Primary advocacy for the new inquiry came from the Australian Wrongful and Arbitrary Detention Alliance. The group was founded by three Australians recently freed after enduring arbitrary detention outside of Australia: Dr. Kylie Moore-Gilbert, who was imprisoned in Iran for two years and three months on fabricated charges of espionage; Professor Sean Turnell, a former economic adviser to Myanmar’s democratic government led by Aung San Suu Kyi who was imprisoned for 650 days following the military coup in February 2021; and Cheng Lei, an Australian journalist imprisoned for over three years by the Chinese Communist Party on unsubstantiated espionage charges.

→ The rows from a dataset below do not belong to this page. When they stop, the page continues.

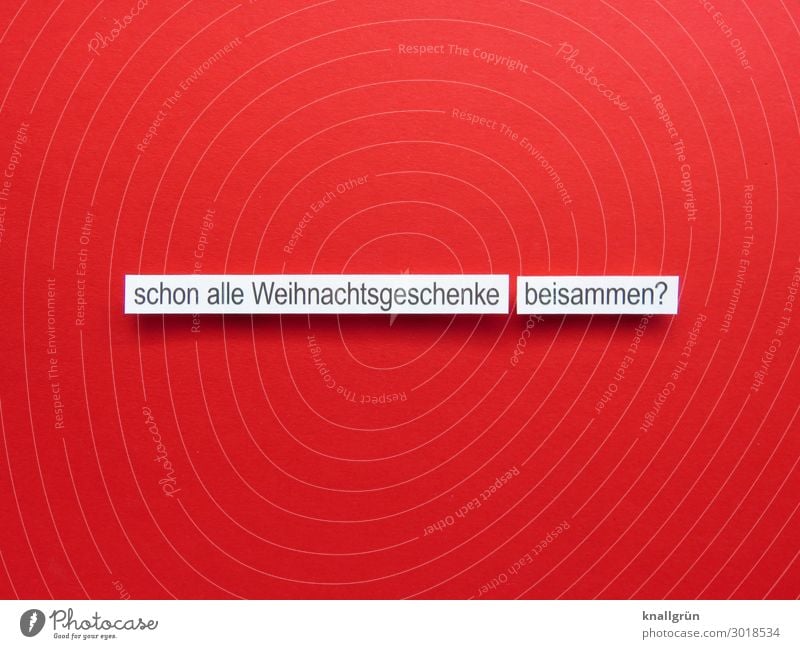 all the Christmas presents together already? Christmas gift Characters Signs and labeling Shopping Communicate Red White Emotions Moody Anticipation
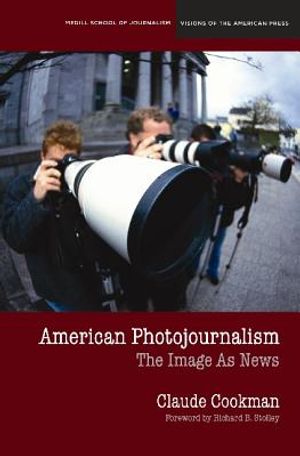 American Photojournalism: Motivations and Meanings image number 0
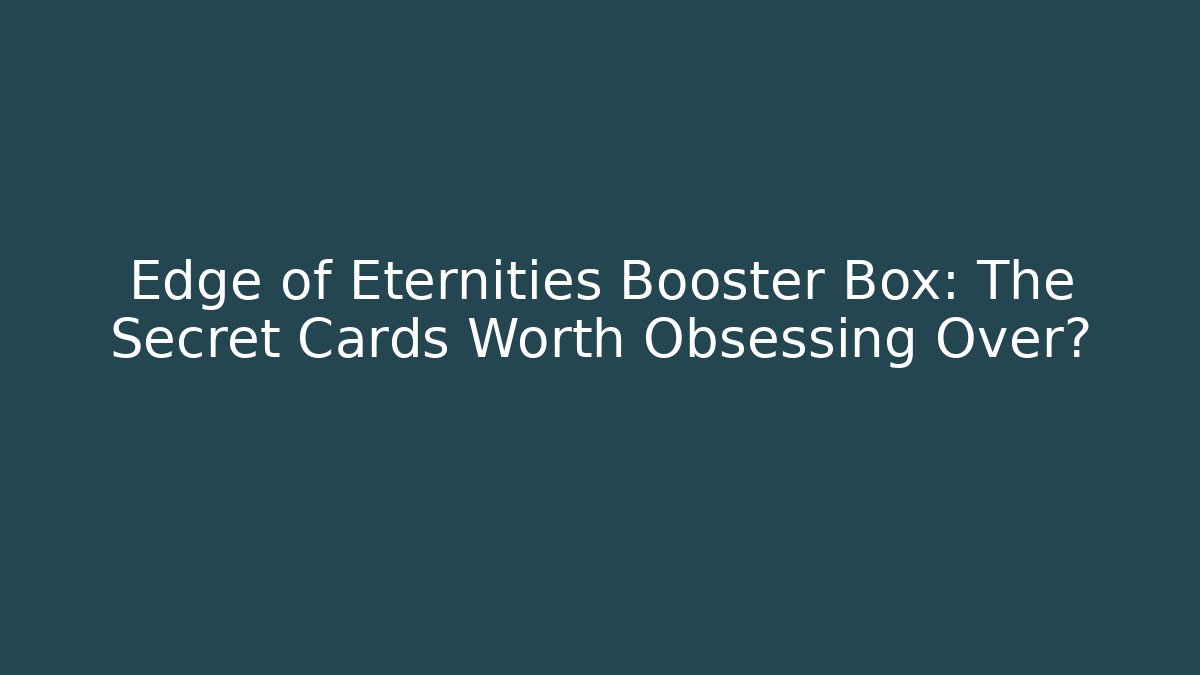Edge of Eternities Booster Box: The Secret Cards Worth Obsessing Over?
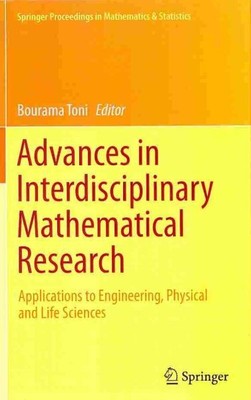 Advances in Interdisciplinary Mathematical Research : Applications to Enginee...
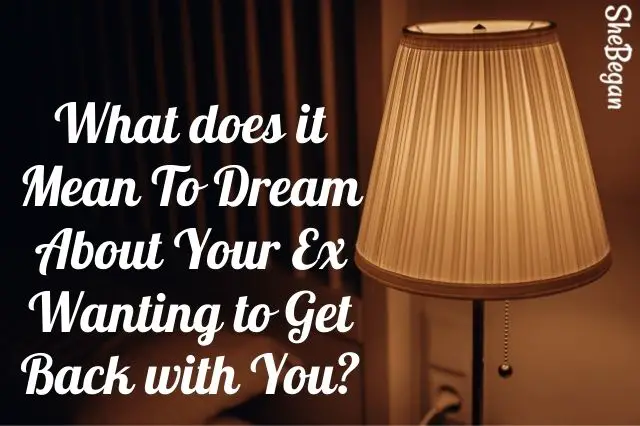 What does it Mean To Dream about Your Ex Wanting to Get Back with You?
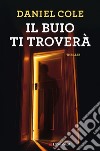 Il buio ti troverà. E-book. Formato EPUB ebook di Daniel Cole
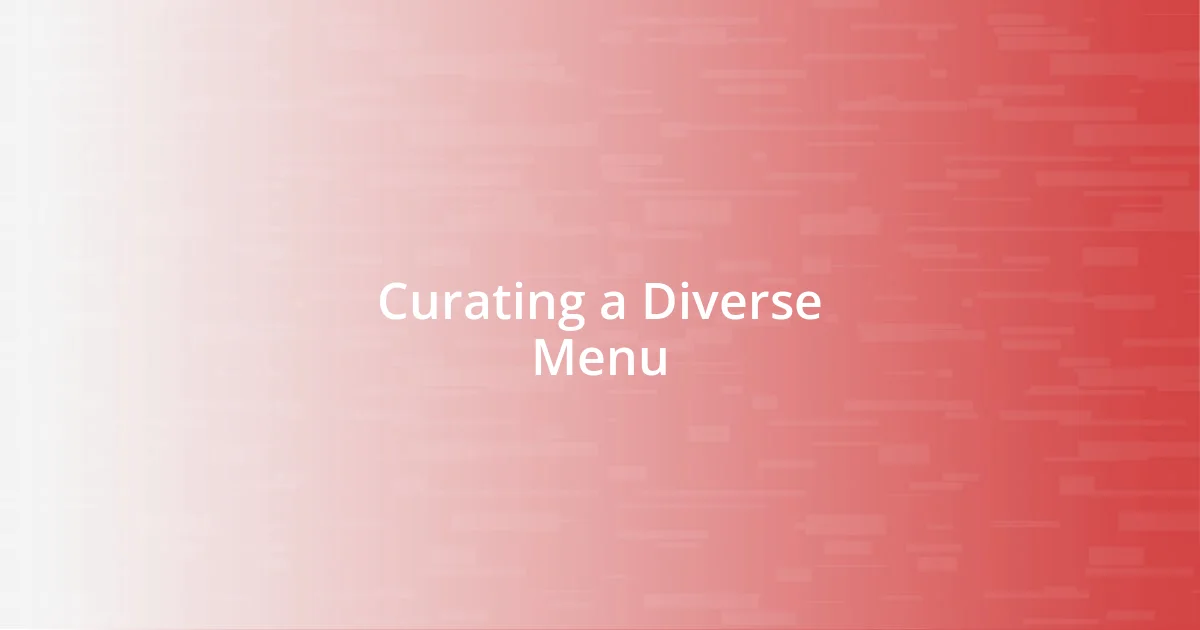 Curating a Diverse Menu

The inquiry seeks to review how Australia responds to cases such as these – its current processes for categorizing and declaring cases of wrongful detention, the management of cases by government agencies, communications with and support for families of imprisoned persons, support for those released from imprisonment, and most importantly how Australia can deter the practice of arbitrary detention used for diplomatic leverage.

The latter relies on an international network of countries that send a strong signal that this behavior is intolerable. Driven by Canada – a state alongside Australia that has been targeted in hostage diplomacy and is thus at the forefront of advocating against these abuses – the Declaration Against Arbitrary Detention in State-to-State Relations was devised in 2021 with the aim of enhancing international cooperation the practice. The declaration was initially endorsed by 58 countries, including Australia, as well as the European Union. Support has now increased to 77 countries. 

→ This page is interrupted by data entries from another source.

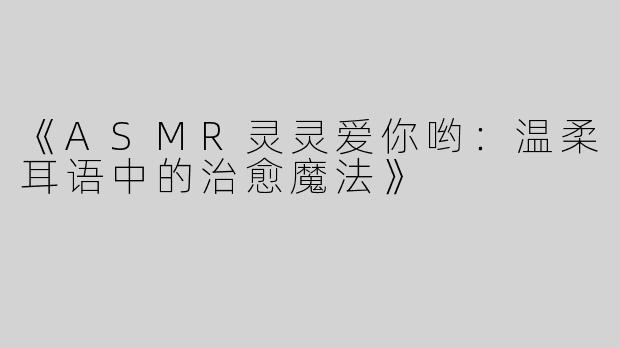 《ASMR灵灵爱你哟：温柔耳语中的治愈魔法》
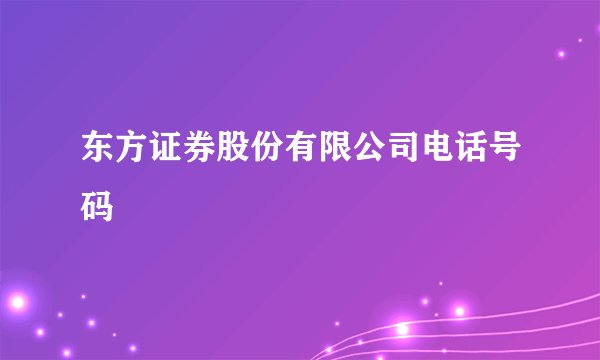 东方证券股份有限公司电话号码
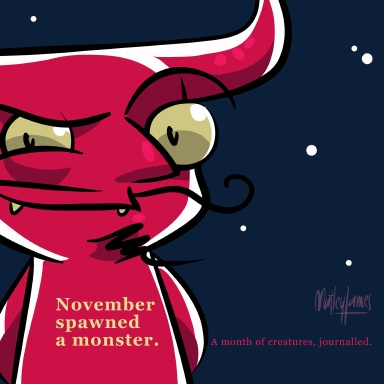 November Spawned a Monster.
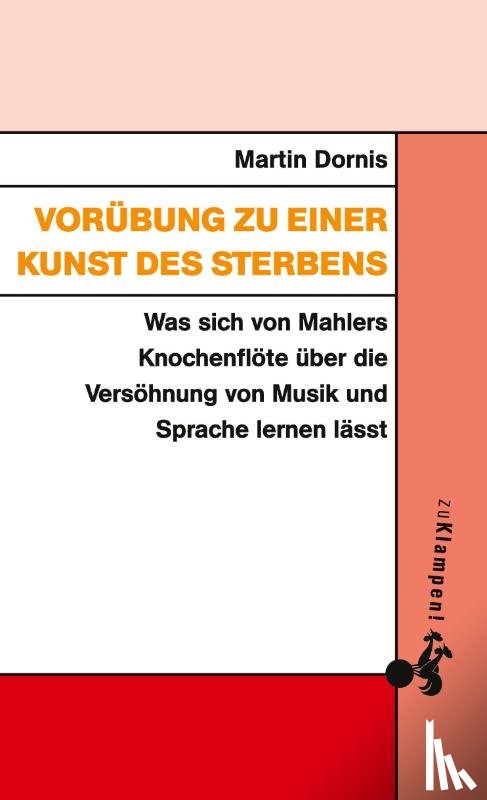 Dornis, Martin - Vorübung zu einer Kunst des Sterbens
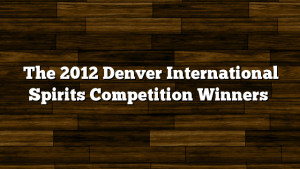 The 2012 Denver International Spirits Competition Winners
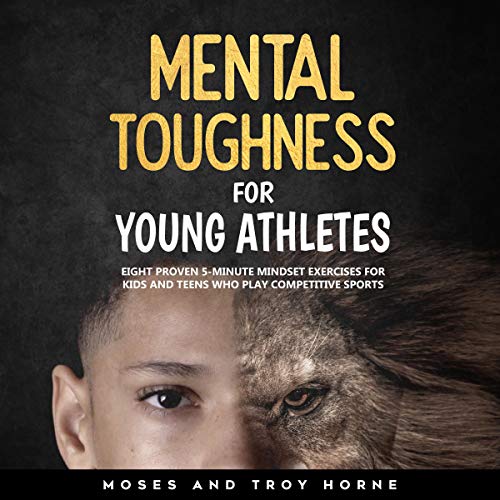 Cover of Mental Toughness for Young Athletes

However, while the declaration outlines a set of principles that it seeks to encourage in international relations, it is light on practical responses that can actually combat the practice and inflict costs on countries that engage in it. Of course, this is easier said than done. But given that the regimes that engage in hostage diplomacy are disinterested in principles that flow from the Universal Declaration of Human Rights, then tangible measures that deter their behavior need to be devised. 

This may be where Australia’s inquiry could prove most useful. Obviously Australia lacks the international weight to create deterrence by itself, but it is capable of devising ideas that can be honed and advanced with the 77 countries that have now endorsed the Declaration Against Arbitrary Detention. Moore-Gilbert herself has made the case that Australia should use Magnitsky-style sanctions more effectively to deter hostage diplomacy, and do so in concert with other states. 

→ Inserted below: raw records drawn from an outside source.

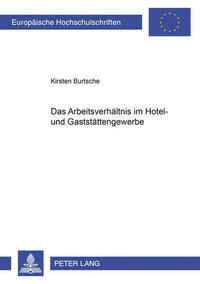 Das Arbeitsverhaeltnis im Hotel- und Gaststaettengewerbe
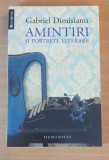 Amintiri si portrete literare - Gabriel Dimisianu, Humanitas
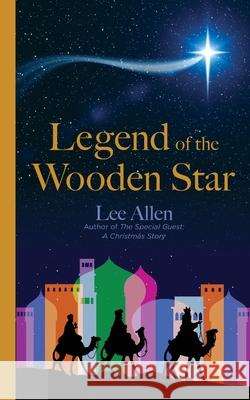 Legend of the Wooden Star Lee Allen 9781662968563 Inspira Books Publishing LLC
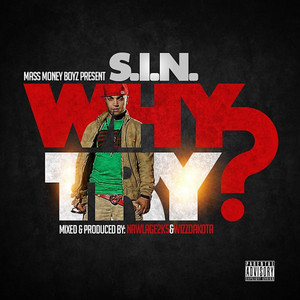 Lets Go (feat. Oun P, G Vega & Wizz Dakota) by S.I.N, Oun P, G Vega, Wizz Dakota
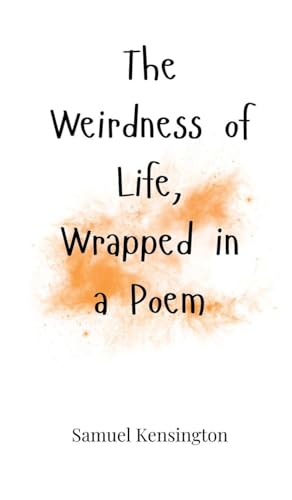 The Weirdness Of Life, Wrapped In A Poem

The other practical measure is simply to provide clear warnings to Australian citizens of the risks of traveling to countries where they may run the risk of being arbitrarily detained, and to make it clear to these countries that the Australian government does not consider them to be safe. While some regimes may be shameless and unembarrassed by their international reputations, these reputations can have a knock-on effect to economic decision-making – as is becoming evident with companies moving away from China – something that they would take far more seriously. 

Countries that engage in hostage diplomacy implicitly recognize that the countries they target value the health and safety of their citizens. They see this as a vulnerability to exploit, as hostage-taking simply doesn’t work if the target country has no respect for human rights. They also know that liberal democracies won’t reciprocate, seeing this as an open goal, rather than an admission of their own cynicism. 

The increased prominence of these practices has created a new series of threats to individuals who work, study, live, or travel abroad. For those who have suffered – and continue to suffer – this form of abuse, the impact is immeasurable on themselves and their families. Australia and Australians have been prominent victims of these tactics, making the government’s current search for improved responses and avenues of deterrence rightly a national priority.